Changa Bell founded the Black Male Yoga Initiative in 2015 to teach Black men and boys in the community the importance of holistic health
Changa Bell, of Baltimore, grew up watching his father do yoga, but he wasn’t very interested in the discipline throughout most of his life.
That all changed in the early 2000s when Bell began suffering from a heart condition that he says forced him to transform his lifestyle. With that, he turned to his father and decided to pick up yoga as he worked to improve his physical and mental health.
“I was raised in the ’80s and yoga was totally not the cool things to do, but I always grew up having yoga as a part of my life,” Bell, now 46, tells PEOPLE. “I had a major health infraction and I wanted to do better. I needed to turn my life around. I was in the yoga studio to save my own life.”
With that, Bell began studying yoga and eventually became a certified instructor. But the dad of six didn’t stop there. He wanted to help fellow Black men in the Maryland area to find the healing he did through yoga. So, he founded the Black Male Yoga Initiative (BMYI) in 2015.
He says he decided to launch the organization specifically for Black men for several reasons.
“A major factor was my own personal discomfort in yoga studios. I didn’t feel anybody cared about whether I was there or not. It seemed like I was being judged over my appearance and I didn’t fit the mold,” Bell admits.
“I just didn’t want others to feel that way. And once I did indeed get myself better, I wanted to make sure other men didn’t feel the same way I did. I wanted to create a space where they could be themselves and be better.”
Bell says he founded the organization to teach Black men in the community about the importance of holistic health through yoga. His goal? To encourage more Black men to become certified yoga instructors.
“Black women were already coming to yoga in droves and improving their health statistically,” Bell says. “So I wanted to focus on men because we were dropping like flies, so to speak, and not focusing on health and being open to healing.”
Black Americans are 20 percent more likely to experience serious mental health issues than the general population, including depression, attention deficit hyperactivity disorder and post traumatic stress disorder, the National Alliance on Mental Illness reported, citing the Health and Human Services Office of Minority Health. Black Americans are also at greater risk for societal circumstances that increase the risk of mental illness (like homelessness and exposure to violence).
There is a negative stigma surrounding mental health in the Black community, so very few seek help for such issues.
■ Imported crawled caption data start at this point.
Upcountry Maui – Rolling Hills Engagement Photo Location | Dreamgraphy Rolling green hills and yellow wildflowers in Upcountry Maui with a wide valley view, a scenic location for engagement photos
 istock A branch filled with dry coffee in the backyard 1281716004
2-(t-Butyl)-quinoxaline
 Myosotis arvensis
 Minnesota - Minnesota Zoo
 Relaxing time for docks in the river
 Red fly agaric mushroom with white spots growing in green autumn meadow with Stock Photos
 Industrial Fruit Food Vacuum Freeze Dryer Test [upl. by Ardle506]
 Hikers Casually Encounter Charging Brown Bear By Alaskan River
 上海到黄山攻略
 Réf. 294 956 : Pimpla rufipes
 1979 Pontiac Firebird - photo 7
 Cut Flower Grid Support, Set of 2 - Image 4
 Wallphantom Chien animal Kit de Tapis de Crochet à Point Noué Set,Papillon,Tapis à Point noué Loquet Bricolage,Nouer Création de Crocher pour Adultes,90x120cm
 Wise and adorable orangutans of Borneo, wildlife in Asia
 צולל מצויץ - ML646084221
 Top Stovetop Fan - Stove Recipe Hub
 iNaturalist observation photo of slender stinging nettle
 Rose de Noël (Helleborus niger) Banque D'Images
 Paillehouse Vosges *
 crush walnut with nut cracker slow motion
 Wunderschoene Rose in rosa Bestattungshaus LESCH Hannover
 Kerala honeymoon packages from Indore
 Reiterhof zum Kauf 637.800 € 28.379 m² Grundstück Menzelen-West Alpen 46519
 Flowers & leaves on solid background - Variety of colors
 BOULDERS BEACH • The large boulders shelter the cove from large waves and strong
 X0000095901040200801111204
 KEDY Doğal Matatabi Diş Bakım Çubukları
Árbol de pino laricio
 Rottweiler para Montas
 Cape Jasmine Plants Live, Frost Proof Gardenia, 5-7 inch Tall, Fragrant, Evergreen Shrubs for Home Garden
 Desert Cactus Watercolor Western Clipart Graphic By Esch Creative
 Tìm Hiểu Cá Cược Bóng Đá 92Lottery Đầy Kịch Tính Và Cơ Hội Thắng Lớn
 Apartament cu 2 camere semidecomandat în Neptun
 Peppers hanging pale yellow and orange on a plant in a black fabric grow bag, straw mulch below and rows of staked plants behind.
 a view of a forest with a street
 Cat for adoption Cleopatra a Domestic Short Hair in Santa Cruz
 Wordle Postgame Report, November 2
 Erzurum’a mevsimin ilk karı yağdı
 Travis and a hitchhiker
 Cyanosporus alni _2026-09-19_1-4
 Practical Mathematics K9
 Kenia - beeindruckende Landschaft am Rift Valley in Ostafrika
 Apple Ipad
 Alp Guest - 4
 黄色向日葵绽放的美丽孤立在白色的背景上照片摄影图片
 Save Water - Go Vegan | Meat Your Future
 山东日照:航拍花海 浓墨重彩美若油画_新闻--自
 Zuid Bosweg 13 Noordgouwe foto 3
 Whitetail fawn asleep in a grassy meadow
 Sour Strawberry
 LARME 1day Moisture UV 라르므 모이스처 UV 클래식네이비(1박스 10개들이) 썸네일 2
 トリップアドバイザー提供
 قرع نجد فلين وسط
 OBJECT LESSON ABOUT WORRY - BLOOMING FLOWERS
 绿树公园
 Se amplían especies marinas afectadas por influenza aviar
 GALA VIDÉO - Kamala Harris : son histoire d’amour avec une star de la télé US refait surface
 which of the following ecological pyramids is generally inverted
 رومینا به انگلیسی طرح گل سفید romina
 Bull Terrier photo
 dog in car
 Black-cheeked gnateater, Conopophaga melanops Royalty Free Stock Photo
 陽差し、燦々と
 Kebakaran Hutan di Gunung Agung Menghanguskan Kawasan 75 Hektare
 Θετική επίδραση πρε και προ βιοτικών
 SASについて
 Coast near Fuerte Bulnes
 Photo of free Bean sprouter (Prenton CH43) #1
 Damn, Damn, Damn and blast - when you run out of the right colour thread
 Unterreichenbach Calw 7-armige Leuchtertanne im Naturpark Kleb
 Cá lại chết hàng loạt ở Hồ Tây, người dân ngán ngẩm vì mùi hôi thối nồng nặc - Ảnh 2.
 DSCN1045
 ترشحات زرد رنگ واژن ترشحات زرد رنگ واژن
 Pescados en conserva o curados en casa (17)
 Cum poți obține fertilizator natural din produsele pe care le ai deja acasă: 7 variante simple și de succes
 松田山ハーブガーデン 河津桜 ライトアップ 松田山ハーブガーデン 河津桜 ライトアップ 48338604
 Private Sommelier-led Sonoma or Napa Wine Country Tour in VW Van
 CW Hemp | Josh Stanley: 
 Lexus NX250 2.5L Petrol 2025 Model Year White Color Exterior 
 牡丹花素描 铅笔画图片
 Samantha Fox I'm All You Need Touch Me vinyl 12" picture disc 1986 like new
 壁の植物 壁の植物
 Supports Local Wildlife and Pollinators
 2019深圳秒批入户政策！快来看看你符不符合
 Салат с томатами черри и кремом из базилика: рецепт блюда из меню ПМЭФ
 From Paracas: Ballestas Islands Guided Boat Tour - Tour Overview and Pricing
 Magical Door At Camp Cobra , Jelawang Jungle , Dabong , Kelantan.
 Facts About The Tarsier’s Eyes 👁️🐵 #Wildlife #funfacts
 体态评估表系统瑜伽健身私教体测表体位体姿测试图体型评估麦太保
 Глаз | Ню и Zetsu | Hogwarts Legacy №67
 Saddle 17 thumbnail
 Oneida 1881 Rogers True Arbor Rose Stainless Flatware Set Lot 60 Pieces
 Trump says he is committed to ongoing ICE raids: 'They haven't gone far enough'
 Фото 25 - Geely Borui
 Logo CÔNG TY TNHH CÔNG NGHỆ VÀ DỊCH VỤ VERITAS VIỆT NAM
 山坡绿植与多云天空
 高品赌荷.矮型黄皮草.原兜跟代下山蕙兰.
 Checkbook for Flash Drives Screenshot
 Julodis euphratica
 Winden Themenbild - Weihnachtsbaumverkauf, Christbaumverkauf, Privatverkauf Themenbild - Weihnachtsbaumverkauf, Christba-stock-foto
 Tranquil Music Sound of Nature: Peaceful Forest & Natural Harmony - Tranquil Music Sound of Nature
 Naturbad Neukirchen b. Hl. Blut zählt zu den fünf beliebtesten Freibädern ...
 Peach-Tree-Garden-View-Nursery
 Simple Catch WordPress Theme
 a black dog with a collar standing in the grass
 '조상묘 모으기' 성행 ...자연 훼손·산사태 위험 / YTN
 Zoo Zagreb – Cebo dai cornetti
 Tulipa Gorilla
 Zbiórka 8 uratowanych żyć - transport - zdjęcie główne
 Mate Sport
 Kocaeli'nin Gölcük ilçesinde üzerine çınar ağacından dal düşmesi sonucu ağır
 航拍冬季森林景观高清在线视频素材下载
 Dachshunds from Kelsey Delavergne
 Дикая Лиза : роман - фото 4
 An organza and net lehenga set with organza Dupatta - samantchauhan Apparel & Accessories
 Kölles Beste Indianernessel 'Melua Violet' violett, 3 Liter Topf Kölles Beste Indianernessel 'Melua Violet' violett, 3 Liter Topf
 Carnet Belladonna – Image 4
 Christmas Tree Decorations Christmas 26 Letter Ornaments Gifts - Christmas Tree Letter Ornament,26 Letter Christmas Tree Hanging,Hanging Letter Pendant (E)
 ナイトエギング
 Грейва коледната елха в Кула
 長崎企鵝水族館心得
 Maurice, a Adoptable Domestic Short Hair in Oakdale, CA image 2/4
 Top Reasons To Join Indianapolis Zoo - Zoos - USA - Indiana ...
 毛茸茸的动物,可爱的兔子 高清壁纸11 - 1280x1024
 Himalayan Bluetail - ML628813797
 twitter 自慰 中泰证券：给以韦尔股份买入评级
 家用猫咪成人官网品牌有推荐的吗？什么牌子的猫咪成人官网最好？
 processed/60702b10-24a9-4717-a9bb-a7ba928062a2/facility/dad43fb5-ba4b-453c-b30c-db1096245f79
Thus, Bell knew it wouldn’t be easy to persuade Black men (young and old) to attend his classes.
“It’s still a work in progress,” Bell laughs. “Getting men to follow you as a yogi is hard, so I have to model the lifestyle. I just try to stay centered and be who I am and that resonates with people. I show that it’s okay to love openly, it’s okay to love yourself. It’s really modeling this openness and ability to grow spiritually that I think really resonates.”
Now, dozens of men show up to the classes in Baltimore and Bell even travels around the country teaching and talking about the importance of holistic health. Soon, BMYI will hold four classes a week at five locations in the area. Bell says he’s excited to reach even more Black men and boys, as he’s seen a positive change in the people who already attend.
“I’ve seen changes in their emotions. They’ve talked to us about changes in their home life, in terms of literally being ‘different people.’ Sometimes their wives will come in and say, ‘I don’t know what you’re doing, but keep on doing it!’ Right now it’s been a lot of emotions, mood, and anger management changes for the positive!”
Bell and his BMYI team hope to eventually help at least 1,000 Black men become licensed yoga instructors.